An additional wrinkle comes into play where, as here, a defendant offers evidence. Whereas a defendant who declines to offer evidence but makes a particularized motion for judgment of acquittal is "entitled to a review of whether the evidence presented in the State's case alone was sufficient to survive a motion for judgment of acquittal[,]" a defendant who does present evidence (and preserves the issue of evidentiary sufficiency) is entitled only to a review of "whether the [trial] court erred in denying the motion for judgment of acquittal based on all the evidence-both the State's case and that of the defense." Kenney, 62 Md.App. at 569. See also Purnell v. State, 171 Md.App. 582, 609 (2006) (observing that "[o]nce a defendant has been found guilty of the crime charged, the factfinder's role as weigher of the evidence is preserved through a legal conclusion that upon judicial review all of the evidence is to be considered in the light most favorable to the prosecution") (citation omitted), cert. denied, 398 Md. 315 (2007).

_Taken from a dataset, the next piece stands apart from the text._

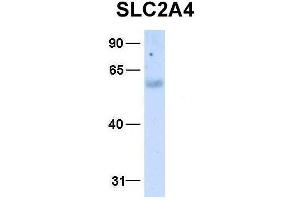 Western Blotting (WB) image for anti-Solute Carrier Family 2 (Facilitated Glucose Transporter), Member 4 (SLC2A4) (N-Term) antibody (ABIN2781558)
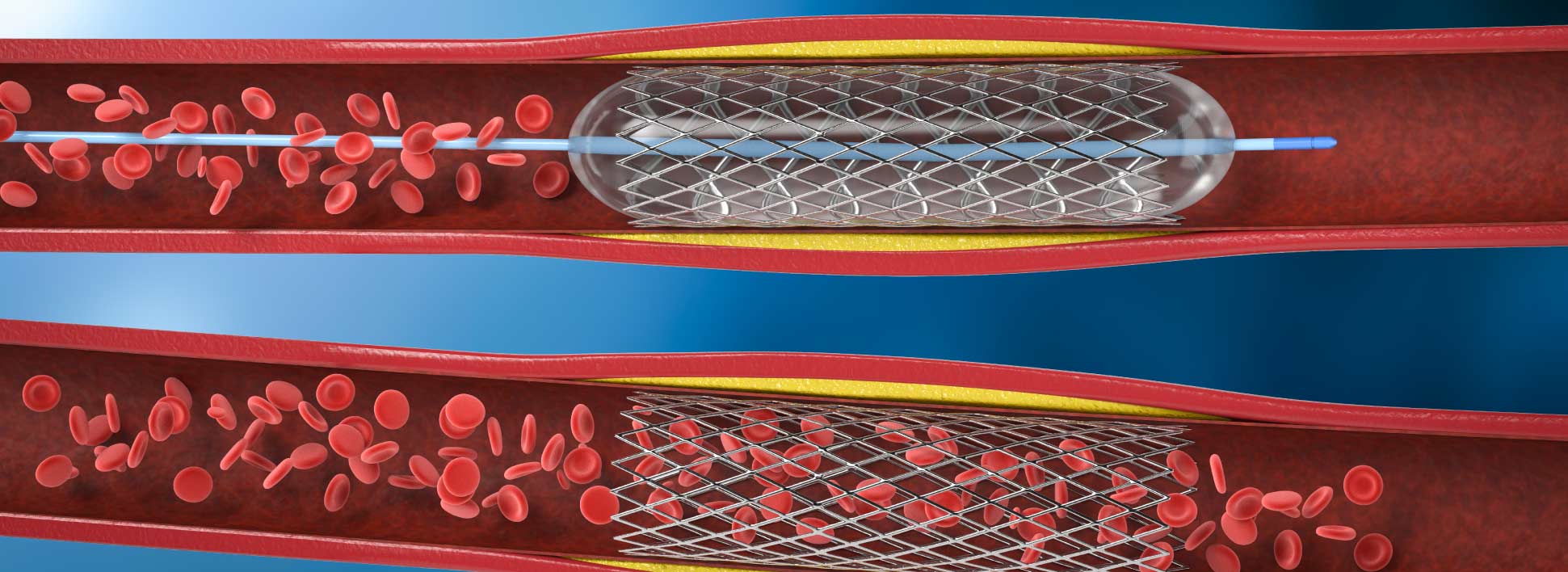 Angioplasty treatment in Ahmedabad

The test for determining sufficiency of the evidence is "whether, after viewing the evidence in the light most favorable to the prosecution, any rational trier of fact could have found the essential elements of the crime beyond a reasonable doubt." Jackson v. Virginia, 443 U.S. 307, 319 (1979). Accord Howling v. State, 478 Md. 472, 507 (2022). '"[I]t is neither our duty nor our role to assess the credibility of the witnesses who testified nor to weigh the evidence presented. Rather, we shall only review that evidence which supported the State's case in order to determine whether any rational trier of fact could have convicted the defendant of the crimes charged."' Howling, 478 Md. at 507 (quoting State v. Albrecht, 336 Md. 475, 487 (1994)). In other words, "[o]ur concern . . . is not whether the verdict was in accord with the weight of the evidence but rather, whether there was sufficient evidence produced at trial that either showed directly, or circumstantially, or supported a rational inference of facts which could fairly convince a trier of fact of the defendant's guilt of the offenses charged beyond a reasonable doubt." Schiff v. State, 254 Md.App. 509, 525-26 (2022) (quotation marks omitted) (quoting Galloway v. State, 365 Md. 599, 649 (2001)).
According to Mr. Valderas, after appellant "smacked [his] phone from" his hand and fled to her vehicle with it, he "grabbed" his six-year-old daughter, whereupon appellant approached from behind and punched him in the back of the head. Then, he claimed, he ran "towards the entrance of" the Walmart, "screaming for help," and "huddled over" his daughter while appellant "continued to hit" him. While this happened, according to Mr. Valderas, "a crowd" of "maybe ten" people gathered.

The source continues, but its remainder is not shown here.